A few thoughts on Deepseek
Here’s a (slightly longer than intended) video explaining why Deepseek isn’t as much of a surprise as it seems based on the reaction of the stockmarket.
TL;DW: Deepseek applied 3 well known techniques together to good effect - predicting multiple tokens in one go, quantisation (using smaller numbers to represent concepts) and a Mixture-of-experts approach. All of these have been done by other labs and all Deepseek did was put them together first. If it hadn’t been them, someone else would have done it a few weeks later (as shown by OpenAI releasing o3-mini just a fortnight after).
Here’s a lightly edited transcript (produced by AI) in case you don’t want to watch the full 8 mins or so:
“Last night, I got a message from one of our instructors asking for my opinion on the whole DeepSeek hoo-ha that’s been taking place over the last 24 hours. American tech stocks have largely collapsed based on the fear that AI is much easier than we expected. A small Chinese startup was able to train a model almost as good as the best that OpenAI can provide for just five million dollars, instead of the hundreds of millions that the existing generation of models have cost.
The thing that is most surprising to me is actually how many people have been surprised by this. DeepSeek is impressive, but it was also inevitable. The techniques they used to achieve this are well-known and well-discussed techniques that have been available and experimented with by researchers at various AI labs for some time. They simply put them all together and used them to train a model, and it worked—good on them. But this is how progress happens.
The three main techniques they used are as follows:
1. Token Efficiency
For those of you who have attended our classes, I always tell you to think about individual words as tokens. When a large language model predicts the next word, it’s actually predicting tokens, which are parts of words. This gives a lot more flexibility in what the model can produce but also increases computational cost. For example, if a word requires three tokens, each token needs a full run of the model. If instead, the model can predict the whole word as a single token, it reduces the number of calculations needed by a factor of three.
This approach can be pushed even further. Meta’s AI research team has discussed the Byte-Level Transformer (BLT), a tokenization method where tokens are generated automatically at runtime rather than predefined. This could allow entire common phrases, like “What’s up?”, to be treated as a single token, making these systems significantly more efficient.
2. Quantization
Tokens are represented by vectors—long numerical values, often stored as 32-bit or 16-bit numbers. Quantization is the process of making those numbers shorter while retaining the necessary information. DeepSeek has successfully used 8-bit numbers, which are just as effective as previous models using larger numbers. This suggests that existing models have been using overly long floating-point numbers. By shortening them, future models will reduce computational load, making predictions more efficient.
3. Mixture of Experts
Mixture of Experts (MoE) is a technique where smaller models specialize in different tasks, such as coding, poetry, or summarization.
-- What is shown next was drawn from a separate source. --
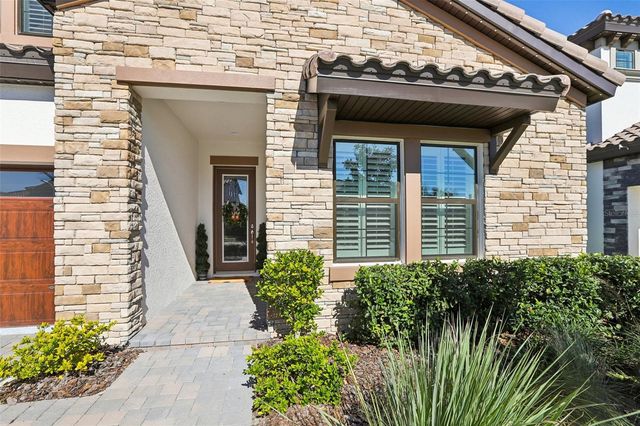 11263 RUSTIC TIMBER LOOP, San Antonio, FL 33576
A central model directs user requests to the appropriate expert, reducing computational effort. If a user asks for a limerick, the system activates only the poetry expert, not the coding expert, making the process far more efficient. GPT-4 was rumored to use MoE, and DeepSeek has now made its implementation visible due to its open-source nature.
What is most interesting about DeepSeek is not just that they used these techniques but that they published their work openly. This transparency benefits the broader AI community and is bound to drive a wave of fresh innovation. DeepSeek has achieved a roughly 95% reduction in cost per token while maintaining similar capability levels to leading models. If there’s one thing we know about AI, it’s that as it becomes cheaper, usage increases. This breakthrough will likely lead to a surge in adoption.
There’s also a geopolitical element to this discussion. Some have raised concerns about China developing an advanced AI model, particularly because it may not discuss topics like Tiananmen Square. In the US, this is seen as a significant issue, but the reality is that all language models are cultural artefacts. They are trained on vast datasets and mirror the biases and values embedded within that data.
For instance, most AI models trained on the internet inherently reflect American cultural norms because a large portion of online content is in English and written by Americans. Even in the UK, we notice this—by default, ChatGPT responds in American English. This isn’t an explicit design choice but rather a result of the training data. Many in the US may not have considered this before, but it’s a reality that we all have to adapt to: language models are shaped by cultural and political influences.
A few weeks ago, when DeepSeek first appeared, I wrote a post asking whether language models are the new World Service. The UK has historically had significant soft power through global news services that present a British perspective. Our values—such as fairness and factual accuracy—are embedded in these broadcasts. Large language models could play a similar role in the future. Countries with the capability will likely develop their own models, both to insulate themselves from external influences and to promote their own worldview.
At the end of the day, every technology is a human product, shaped by the people who build it. This has always been the case and will continue to be. Anyway, those are my thoughts—let me know yours.”